### THE PROBLEM
Exactly the lines below from the one with "Who Would Win?" up to and including the one with "Xiongnu: The World's First Nomadic Empire" make up the answer, with nothing else added.

═════ DATASET RECORDS

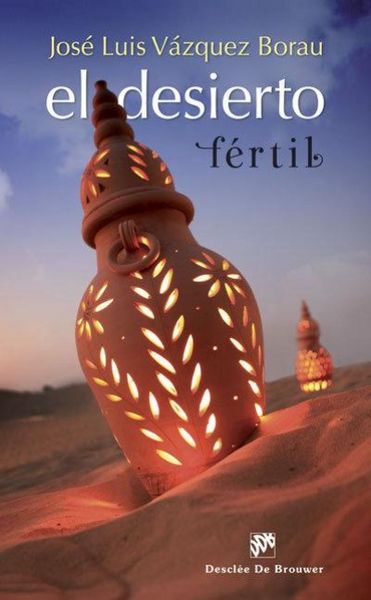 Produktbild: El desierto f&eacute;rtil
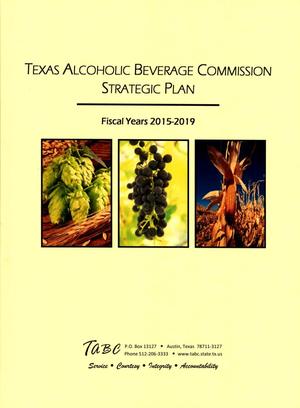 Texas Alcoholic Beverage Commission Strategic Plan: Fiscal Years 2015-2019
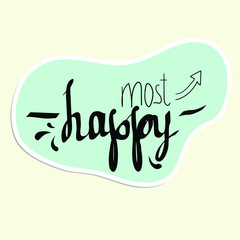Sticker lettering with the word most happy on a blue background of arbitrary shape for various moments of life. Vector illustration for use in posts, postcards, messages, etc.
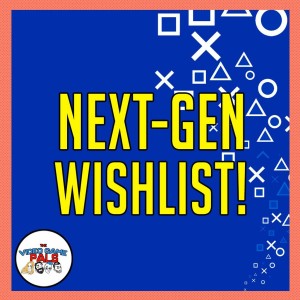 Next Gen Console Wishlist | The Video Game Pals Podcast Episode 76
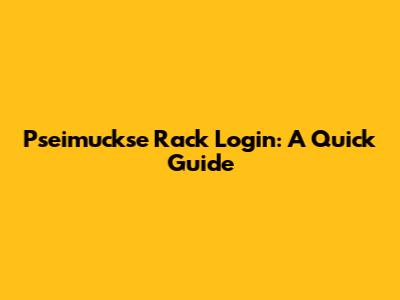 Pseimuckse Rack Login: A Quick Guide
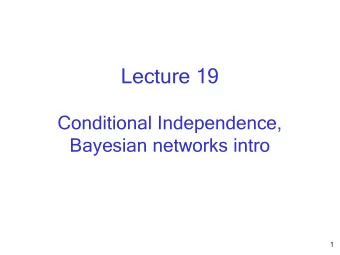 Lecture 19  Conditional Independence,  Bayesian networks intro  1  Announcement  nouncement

══════════
═════ DATASET RECORDS

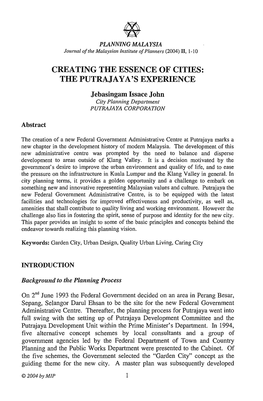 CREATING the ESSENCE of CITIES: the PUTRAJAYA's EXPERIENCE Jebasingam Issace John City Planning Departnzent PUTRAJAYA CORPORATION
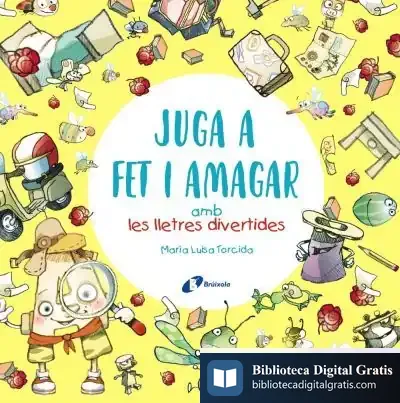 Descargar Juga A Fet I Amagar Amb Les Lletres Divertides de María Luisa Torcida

══════════
═════ DATASET RECORDS

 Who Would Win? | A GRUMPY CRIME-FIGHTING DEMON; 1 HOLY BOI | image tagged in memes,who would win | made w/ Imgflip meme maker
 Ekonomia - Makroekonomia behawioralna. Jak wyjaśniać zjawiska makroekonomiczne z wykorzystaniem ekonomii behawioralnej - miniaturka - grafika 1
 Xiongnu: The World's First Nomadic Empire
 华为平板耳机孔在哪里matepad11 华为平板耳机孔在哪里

══════════

### EXERCISE OUTPUT
 Who Would Win? | A GRUMPY CRIME-FIGHTING DEMON; 1 HOLY BOI | image tagged in memes,who would win | made w/ Imgflip meme maker
 Ekonomia - Makroekonomia behawioralna. Jak wyjaśniać zjawiska makroekonomiczne z wykorzystaniem ekonomii behawioralnej - miniaturka - grafika 1
 Xiongnu: The World's First Nomadic Empire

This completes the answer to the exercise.